Weapons shipped into Jordan by the CIA and Saudi Arabia intended for Syrian rebels have been systematically stolen by Jordanian intelligence operatives and sold to arms merchants on the black market, according to U.S. and Jordanian officials.

Some of the stolen weapons were used in a November shooting that killed two Americans and three others at a police training facility in Amman, FBI officials believe after months of investigating the attack, according to people familiar with the investigation.

The existence of the weapons theft, which ended only months ago after complaints by the U.S. and Saudi governments, is being reported for the first time after a joint investigation by The New York Times and Al-Jazeera. The theft, involving millions of dollars of weapons, highlights the messy, unplanned consequences of programmes to arm and train rebels.

Arms in black market

The theft and resale of the arms - including Kalashnikov assault rifles, mortars and rocket-propelled grenades - have led to a flood of new weapons available on the black arms market. The training programme, authorised by President Barack Obama in April 2013, is run by the CIA and several Arab intelligence services and aimed at building up forces opposing President Bashar Al-Assad of Syria. The United States and Saudi Arabia are the biggest contributors.

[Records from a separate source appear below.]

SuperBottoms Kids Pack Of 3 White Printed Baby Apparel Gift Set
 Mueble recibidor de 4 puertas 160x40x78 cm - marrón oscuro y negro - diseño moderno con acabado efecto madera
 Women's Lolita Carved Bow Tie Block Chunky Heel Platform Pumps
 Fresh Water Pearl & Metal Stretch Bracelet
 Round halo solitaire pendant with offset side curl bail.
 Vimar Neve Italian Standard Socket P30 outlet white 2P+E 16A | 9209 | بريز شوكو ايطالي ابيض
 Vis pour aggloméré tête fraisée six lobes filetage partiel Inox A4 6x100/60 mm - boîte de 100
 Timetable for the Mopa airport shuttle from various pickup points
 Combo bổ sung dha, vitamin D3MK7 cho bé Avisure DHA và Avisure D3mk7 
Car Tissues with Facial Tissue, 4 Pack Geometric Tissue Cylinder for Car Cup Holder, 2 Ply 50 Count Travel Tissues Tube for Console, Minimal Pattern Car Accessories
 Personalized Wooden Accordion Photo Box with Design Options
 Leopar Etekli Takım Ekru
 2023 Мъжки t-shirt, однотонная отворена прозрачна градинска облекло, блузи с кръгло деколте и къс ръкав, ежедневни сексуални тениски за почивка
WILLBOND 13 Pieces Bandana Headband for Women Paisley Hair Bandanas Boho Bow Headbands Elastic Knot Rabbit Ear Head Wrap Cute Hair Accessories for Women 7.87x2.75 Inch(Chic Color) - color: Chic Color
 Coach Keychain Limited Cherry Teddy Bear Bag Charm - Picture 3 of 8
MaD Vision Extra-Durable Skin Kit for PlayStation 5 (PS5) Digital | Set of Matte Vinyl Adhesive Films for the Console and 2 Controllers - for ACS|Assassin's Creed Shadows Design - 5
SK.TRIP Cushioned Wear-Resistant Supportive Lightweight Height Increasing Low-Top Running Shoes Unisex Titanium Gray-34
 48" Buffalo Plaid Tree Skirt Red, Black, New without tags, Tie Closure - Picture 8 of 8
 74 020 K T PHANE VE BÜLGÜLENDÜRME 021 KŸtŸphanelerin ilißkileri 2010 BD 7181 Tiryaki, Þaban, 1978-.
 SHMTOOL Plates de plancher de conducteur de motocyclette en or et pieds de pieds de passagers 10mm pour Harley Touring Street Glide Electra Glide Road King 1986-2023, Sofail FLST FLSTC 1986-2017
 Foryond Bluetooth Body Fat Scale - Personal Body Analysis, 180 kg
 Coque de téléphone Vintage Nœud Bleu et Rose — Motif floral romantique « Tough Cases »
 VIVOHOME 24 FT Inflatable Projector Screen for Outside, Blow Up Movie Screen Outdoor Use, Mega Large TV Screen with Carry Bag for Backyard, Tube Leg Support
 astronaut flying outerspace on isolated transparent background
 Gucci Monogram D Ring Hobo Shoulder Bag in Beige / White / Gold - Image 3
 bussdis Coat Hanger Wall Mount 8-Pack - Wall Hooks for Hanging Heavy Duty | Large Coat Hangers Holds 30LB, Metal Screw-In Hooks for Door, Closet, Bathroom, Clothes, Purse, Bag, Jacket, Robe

The existence of the programme is classified. U.S. officials say that the CIA has trained thousands of rebels in the past three years and that the fighters made substantial advances against Syrian government forces until Russian military forces - launched last year in support of Mr. Assad - compelled them to retreat.

The training programme is based in Jordan because of the country’s proximity to the Syrian battlefields. From the beginning, the CIA and the Arab intelligence agencies relied on Jordanian security services to transport the weapons, many bought in bulk in the Balkans and elsewhere around Eastern Europe.